In other words I have very quietly and modestly achieved the exact thing that this author has been yelling at his TV can’t be done. My import feat never seemed like anything worth writing about, from 20 years ago to today.
Incidentally, remember the Naan-truck story of 2010? That’s the kind of stuff worth writing about.
I’d do an import again right now to prove my point, except it’s super easy to find light trucks in California despite any need for them being long gone. Ride an electric bike! Even my four-door light truck classified by Santa Cruz DMV as a car is nothing special anymore, as you’ll see in a minute.
I thus find none of this author’s published arguments convincing let alone amusing.
Bottom line is he shows a side of America that conflates constant ugly power projection by unfiltered media with some kind of personal call to grand utopian posturing about ending government regulations.

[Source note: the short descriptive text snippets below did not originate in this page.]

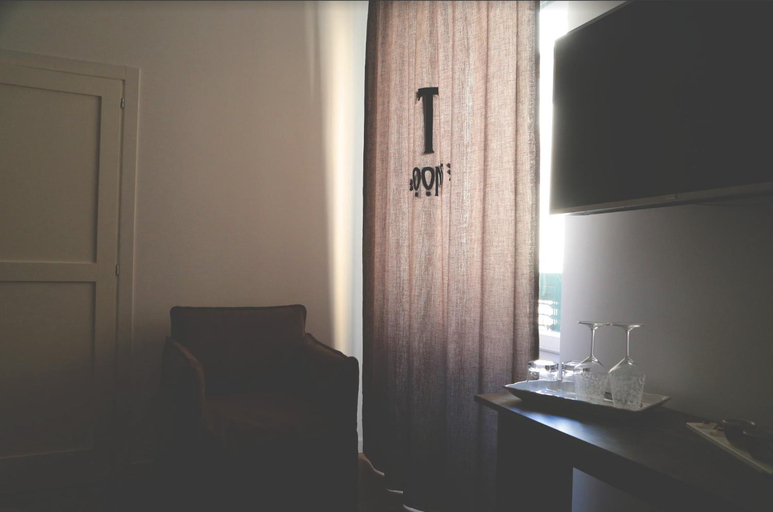 Others 2, T rooms, Lecce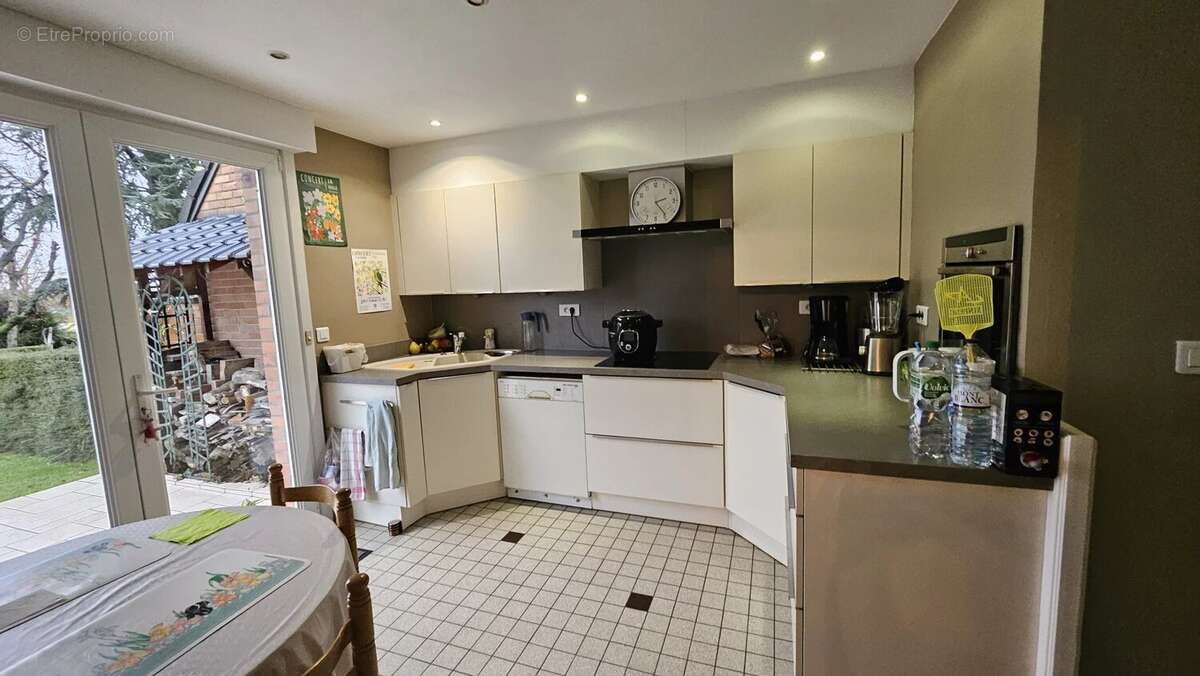 Maison à NEUVILLE-EN-FERRAIN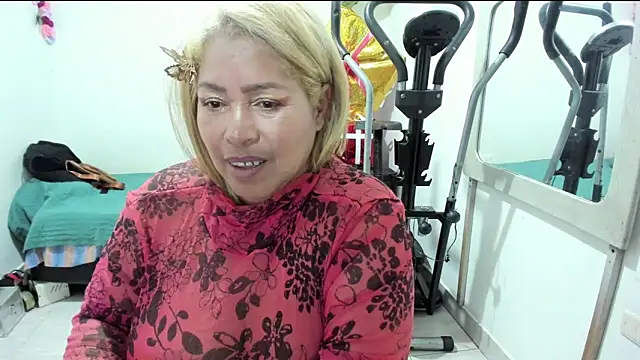 Snapshot of anubys_godes chatting on January 9, 1:45 pm anubys godes online show from January 9, 1:45 pm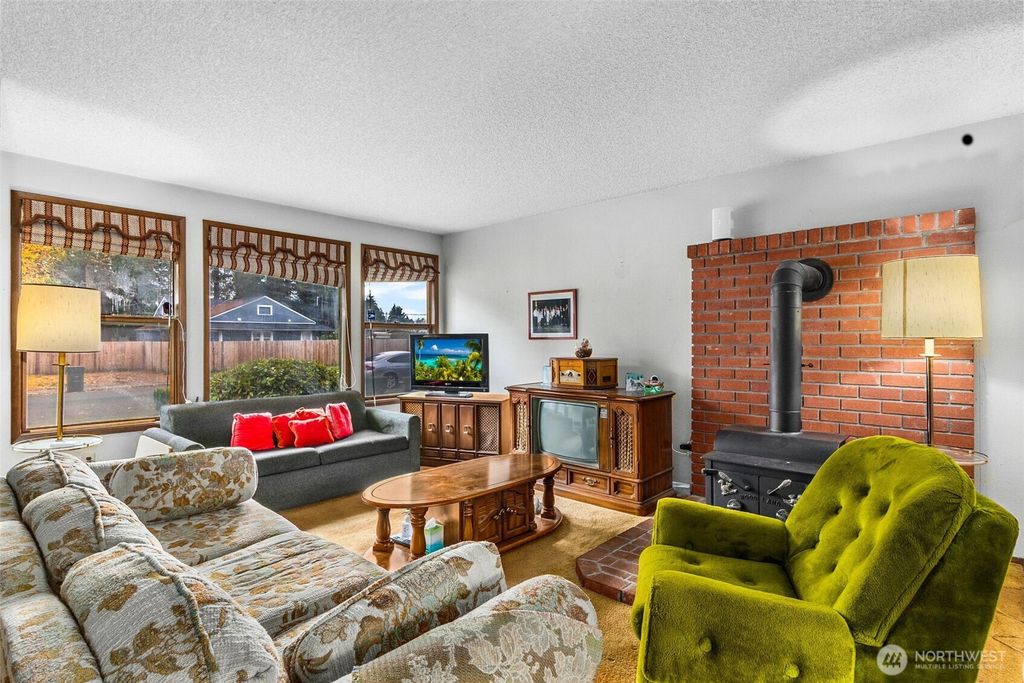 Photo of 3604 NE Landau Avenue, Olympia, WA 98506 (MLS # 2457234)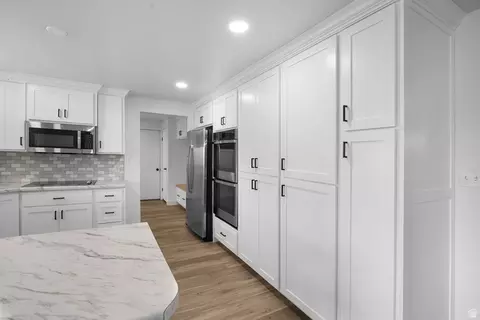 Kitchen - 2665 N 3000 W, Sutherland, UT 84624 photo 4 of 6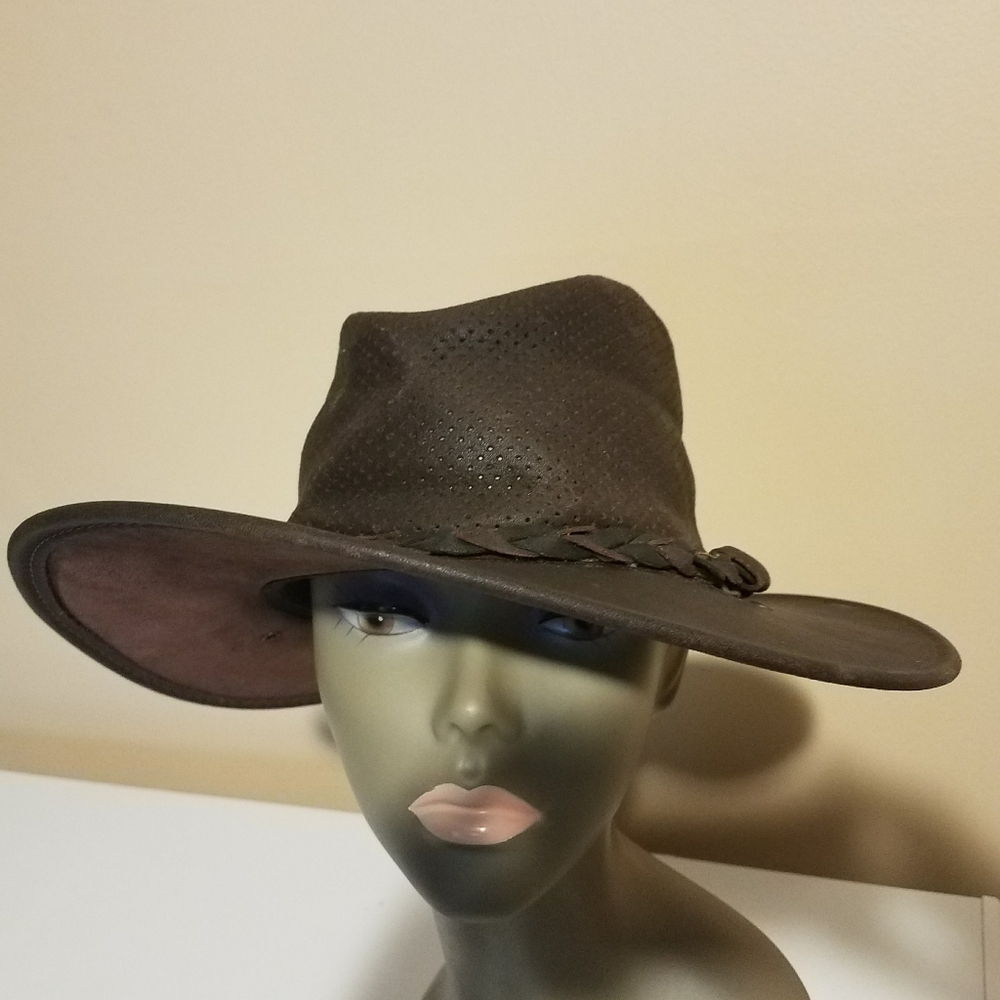 MINNETONKA FOLD UP DISTRESSED LEATHER HAT LARGE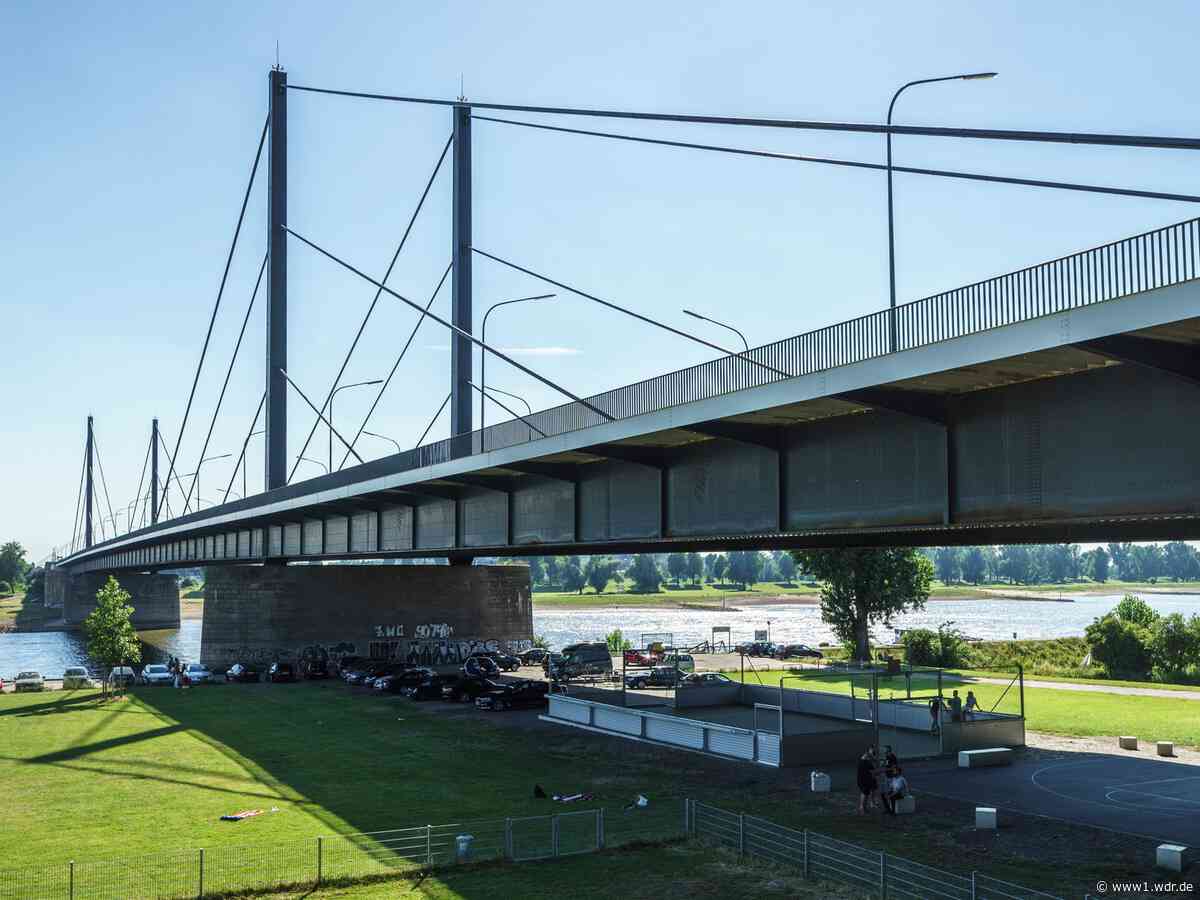 Umleitungen an der Theodor-Heuss-Brücke in Düsseldorf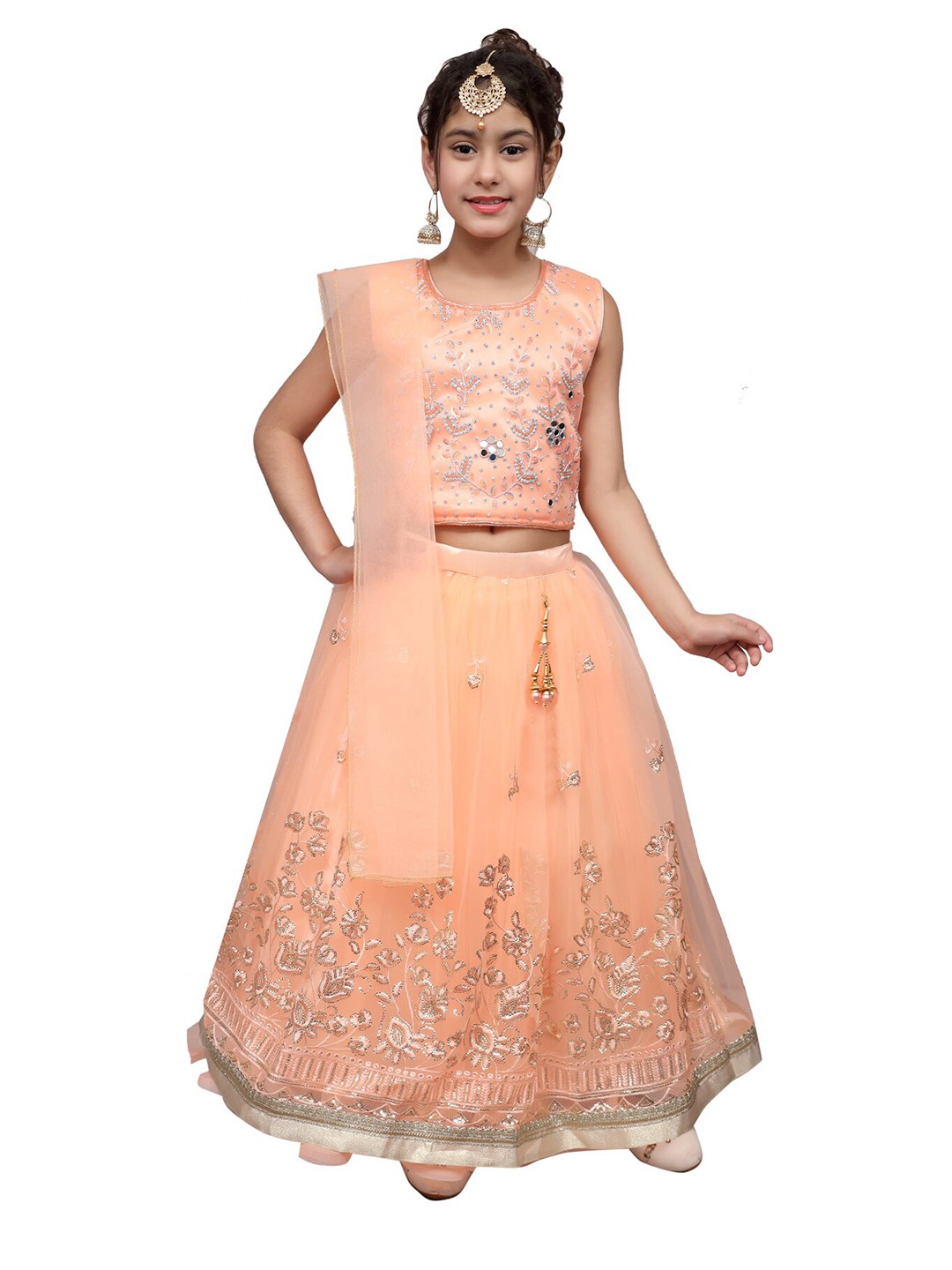 

SKY HEIGHTS Girls Peach-Coloured & Silver-Toned Embellished Beads and Stones Ready to Wear Lehenga & Blouse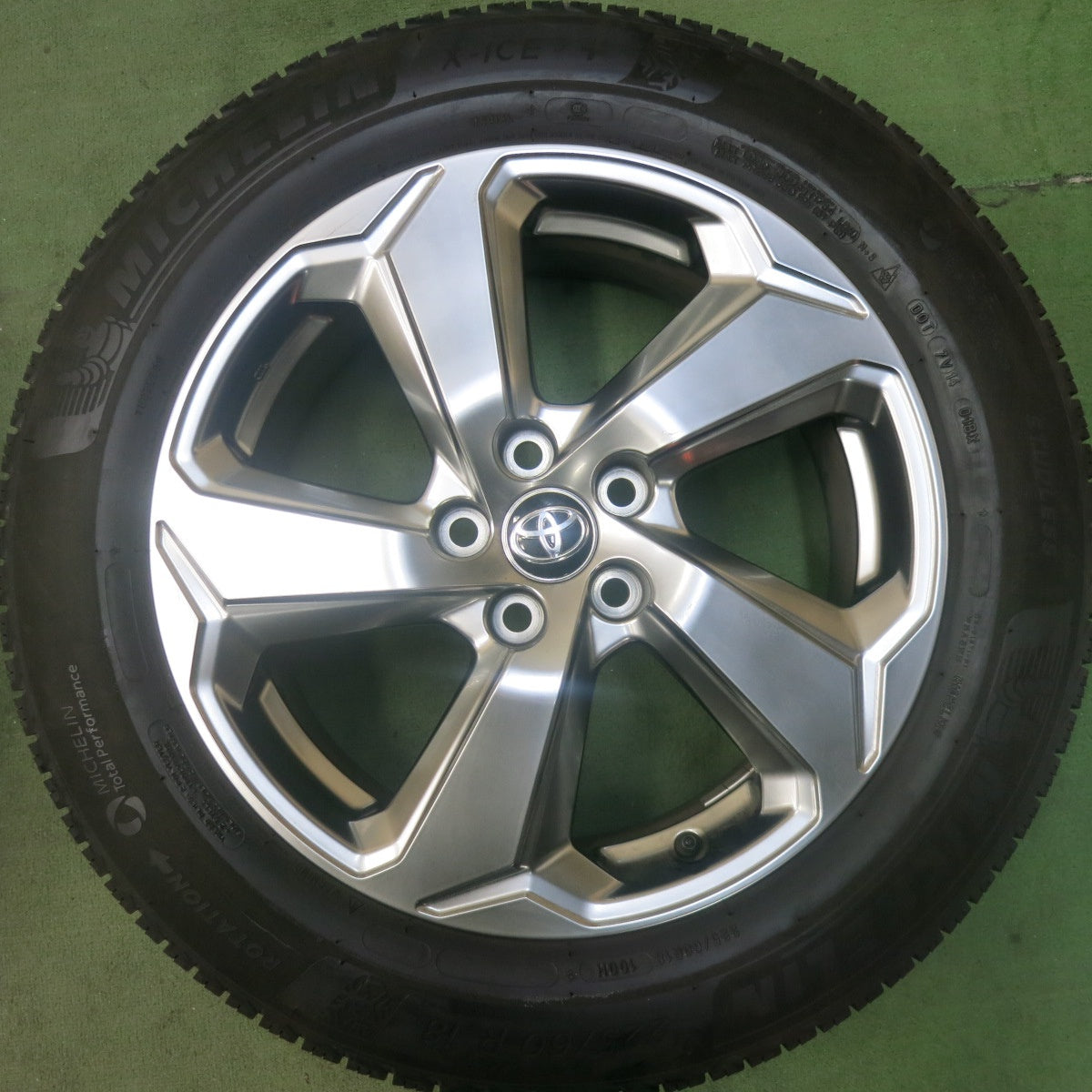 バリ溝！キレイ！9分★トヨタ RAV4 Gグレード 純正 225/60R18 スタッドレス ミシュラン X-ICE3+ 18インチ PCD114.3/5H★5112703SKス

The real story here is nervous white men in their upscale remodeled kitchens watching relentless fear-driven news feeds of trucks and guns produces a culture desperate for such trucks and guns falsely tied to sense of safety, devoid of actual rational relationship to service, duty or utility.
Unkindness shouldn’t be a political platform.
Pushing anti-societal terror platforms as somehow kind to the planet is the kind of bogus mental gymnastics we see out of California fraud factories such as Tesla. Their big truck, marketed as an apocalyptic tool meant for battle with all humanity, has design flaws so egregiously bad it wisely has been banned by safety experts even before release.
Pretending societal benefits flow from owning a Toyota known for anti-government warfare… doesn’t sufficiently hide an underlying unhinged libertarian screed that someone wants cool toys to project supreme power over everyone including the government they heavily depend upon.
Now, I should give the author credit here too. He has made me realize Tesla clearly missed the boat on their true target market. They would have been far better off just putting their little badge on the Toyota light truck (like everything else Tesla “makes”) and selling them into the chicken Californians hiding from society in posh suburban bunkers of Kansas.
Perhaps I can’t say this all any better than Hyundai? Their answer already has been… go buy a Santa Cruz and get a life, dude. Maybe try fishing instead of watching scary news?